Making history
Is it just me or is there something strange about the day of remembrance we have chosen for the Land Wars?
It’s not the remembrance part that I can’t understand. It’s the date. After all, October 28th is the day 34 Maori chiefs signed a Declaration of Independence and subsequently became the United Tribes of New Zealand. That was in 1835. The Land Wars were hinted at from the 1840s and really began in the 1860s.
The strange selection of dates is the sort of thing that niggles because it feel like the politicisation of our history and, as we all know, there is no greater battleground than the one for our history. That’s because, as George Orwell pointed out, “he who controls the past controls the present”.
Don’t get me wrong. I think a day commemorating the Maori land wars is a fantastic idea. Learning about what happened between Maori and the Crown, Maori and the New Zealand Company, Maori and Maori, The New Zealand Company and the missionaries, the missionaries and the Crown is important.
It’s important to understand that our history is not black and white in any sense. No historical issue ever is. There is always a story behind the story. There is, for example, the story of the Musket Wars where iwi battled iwi, which spilled over into the Land Wars and saw Maori shift affiliation between the Crown and back depending on which iwi the Crown was fighting. There were kupapa, Maori soldiers who fought for the Crown, and there were the heroes of the rebellion against the Crown, like Titokowaru.
Where the British are concerned, the story was just as complex. It is full of greed encouraged in organisations like The New Zealand Company, full of heroes like missionaries who spoke out against the land grabs and were subsequently shunned by society or character annihilated, even as their peers in Britain (inspired by Christians like William Wilberforce) fought for the rights of indigenous peoples to be enshrined in treaties. The history of our land is about as straightforward as the Waikato River.
And that is because it is the history of humans, and we are all of us full of bends and twists in character and beliefs that are unexpected. We are the products of our experience and our choices. We hold views thanks to the limited information every one of us possesses, because we simply can’t know it all. We are diverse in our views and beliefs today, as the people during the Land Wars would have been diverse in their views and beliefs.

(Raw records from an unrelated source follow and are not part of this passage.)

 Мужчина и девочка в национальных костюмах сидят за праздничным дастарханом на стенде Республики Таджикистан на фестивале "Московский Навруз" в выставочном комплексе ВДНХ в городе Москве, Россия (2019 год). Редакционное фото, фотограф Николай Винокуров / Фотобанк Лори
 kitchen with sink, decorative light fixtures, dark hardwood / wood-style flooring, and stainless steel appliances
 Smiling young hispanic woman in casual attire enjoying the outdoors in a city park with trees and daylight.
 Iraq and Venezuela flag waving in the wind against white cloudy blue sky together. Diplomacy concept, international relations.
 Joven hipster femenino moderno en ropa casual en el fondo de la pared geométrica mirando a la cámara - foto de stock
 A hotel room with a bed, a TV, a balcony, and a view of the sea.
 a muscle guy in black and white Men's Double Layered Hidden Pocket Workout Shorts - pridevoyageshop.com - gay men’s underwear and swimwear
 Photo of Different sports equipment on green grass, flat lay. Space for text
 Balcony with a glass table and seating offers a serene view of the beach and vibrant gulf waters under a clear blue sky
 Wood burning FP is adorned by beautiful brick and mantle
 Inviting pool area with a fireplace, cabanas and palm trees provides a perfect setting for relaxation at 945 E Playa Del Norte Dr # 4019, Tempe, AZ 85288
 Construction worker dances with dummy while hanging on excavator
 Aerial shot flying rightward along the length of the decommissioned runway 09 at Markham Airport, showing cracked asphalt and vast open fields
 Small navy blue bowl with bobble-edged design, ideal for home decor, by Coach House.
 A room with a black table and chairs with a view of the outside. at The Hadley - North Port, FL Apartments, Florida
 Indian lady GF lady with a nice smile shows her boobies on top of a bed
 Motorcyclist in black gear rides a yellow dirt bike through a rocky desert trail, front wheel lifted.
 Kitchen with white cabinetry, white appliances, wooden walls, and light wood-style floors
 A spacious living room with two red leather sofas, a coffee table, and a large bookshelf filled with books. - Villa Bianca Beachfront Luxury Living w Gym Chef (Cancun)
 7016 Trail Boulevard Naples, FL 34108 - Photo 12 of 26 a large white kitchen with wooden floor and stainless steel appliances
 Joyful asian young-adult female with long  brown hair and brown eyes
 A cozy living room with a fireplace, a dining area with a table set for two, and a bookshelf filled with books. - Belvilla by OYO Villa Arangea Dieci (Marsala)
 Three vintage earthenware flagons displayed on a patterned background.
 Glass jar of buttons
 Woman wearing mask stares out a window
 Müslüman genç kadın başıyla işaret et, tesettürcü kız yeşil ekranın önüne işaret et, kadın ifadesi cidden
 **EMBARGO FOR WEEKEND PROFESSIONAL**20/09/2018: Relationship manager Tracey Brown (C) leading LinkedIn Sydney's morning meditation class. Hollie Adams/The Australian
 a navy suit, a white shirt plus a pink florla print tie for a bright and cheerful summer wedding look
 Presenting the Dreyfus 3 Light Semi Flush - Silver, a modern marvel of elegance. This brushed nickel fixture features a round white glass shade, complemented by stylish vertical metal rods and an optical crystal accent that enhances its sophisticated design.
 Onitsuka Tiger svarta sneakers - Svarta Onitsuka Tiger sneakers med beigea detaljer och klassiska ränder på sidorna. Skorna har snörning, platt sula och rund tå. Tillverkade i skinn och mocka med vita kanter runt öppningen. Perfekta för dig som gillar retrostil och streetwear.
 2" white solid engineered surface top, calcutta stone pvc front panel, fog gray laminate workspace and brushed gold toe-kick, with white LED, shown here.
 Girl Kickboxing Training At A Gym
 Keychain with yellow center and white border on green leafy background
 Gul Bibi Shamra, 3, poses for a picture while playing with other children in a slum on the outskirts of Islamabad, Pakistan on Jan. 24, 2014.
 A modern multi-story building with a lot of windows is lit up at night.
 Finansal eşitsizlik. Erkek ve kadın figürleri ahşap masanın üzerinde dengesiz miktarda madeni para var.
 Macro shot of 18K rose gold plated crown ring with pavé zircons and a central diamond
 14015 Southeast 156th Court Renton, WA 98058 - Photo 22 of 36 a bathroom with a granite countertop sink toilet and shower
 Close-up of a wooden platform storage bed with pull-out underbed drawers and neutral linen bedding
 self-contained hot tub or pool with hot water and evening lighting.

All of this is important to remember, because we too easily fall into the trap of filling the stories of our past with good guys and bad guys. And that is dangerous. Yes, they existed, just as good people and bad people exist today. But the vast majority are those who are doing the best they can with the knowledge they have of the world, and it would have been the same in 1860.
By remembering that we keep our own fallibility in sight. If we know that the people who made the mistakes we are studying were just like us – humans capable of good and bad, full of mixed motives, able to see the world only through the lens of their time – we are kept humble and made wary in our decision-making.
After all, as my father always tells me, those who forget the past or think we are now “better than that” are prime candidates for repeating it. But if we want to avoid making the same mistakes over and over again, we must remember rightly.